Data below —
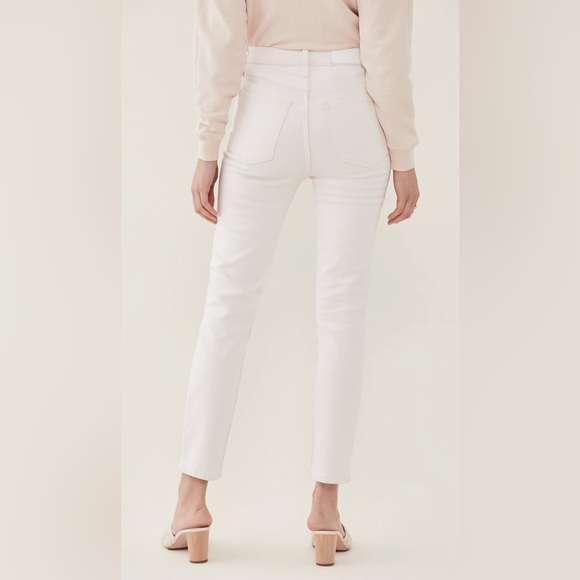 Re/Done White High Rise Skinny Jeans - Size 26 - Picture 9 of 10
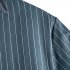 Summer Short Sleeves T shirt For Men Casual Large Size Hawaiian Strips Tops Cotton Blend Lapel Cardigan Tops SD06 XL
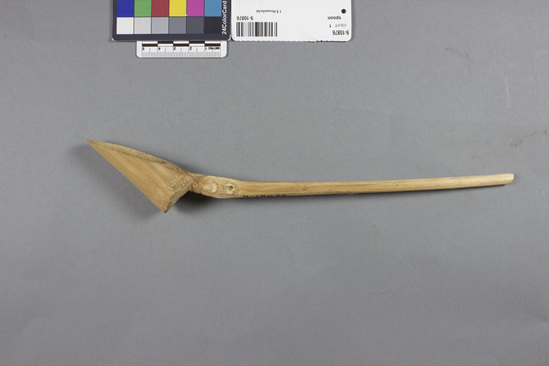 Hearst Museum object titled Spoon, accession number 9-10876, no description available.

Task goal —
Write every line of the data out again exactly, leaving out all images.

Solved problem —
 Re/Done White High Rise Skinny Jeans - Size 26 - Picture 9 of 10
 Summer Short Sleeves T shirt For Men Casual Large Size Hawaiian Strips Tops Cotton Blend Lapel Cardigan Tops SD06 XL
 Hearst Museum object titled Spoon, accession number 9-10876, no description available.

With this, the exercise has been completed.